[INPUT DATA]:
______________________________

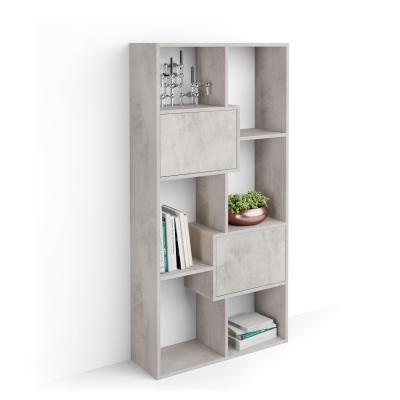 Narrow bookcase XS Iacopo with doors (160,8 x 80 cm), Grey Concrete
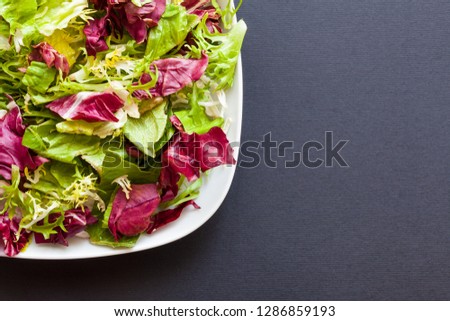Sliced leaves of different varieties of lettuce on a square plate. Black background. Copy space.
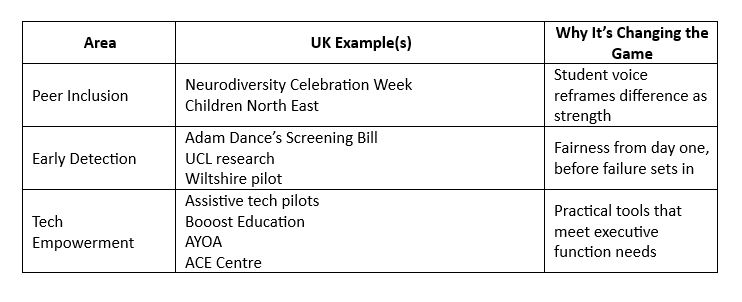 Table with information on peer inclusion, early detection and tech empowerment with UK examples and why this is making changes. Links to all the examples are given under the table Table with information on peer inclusion, early detection and tech empowerment with UK examples and why this is making changes. Links to all the examples are given under the table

______________________________

[WORK TO BE COMPLETED]:
Would you return the whole listing exactly, without the pictures?

[ANSWER AREA]:
 Narrow bookcase XS Iacopo with doors (160,8 x 80 cm), Grey Concrete
Sliced leaves of different varieties of lettuce on a square plate. Black background. Copy space.
 Table with information on peer inclusion, early detection and tech empowerment with UK examples and why this is making changes. Links to all the examples are given under the table Table with information on peer inclusion, early detection and tech empowerment with UK examples and why this is making changes. Links to all the examples are given under the table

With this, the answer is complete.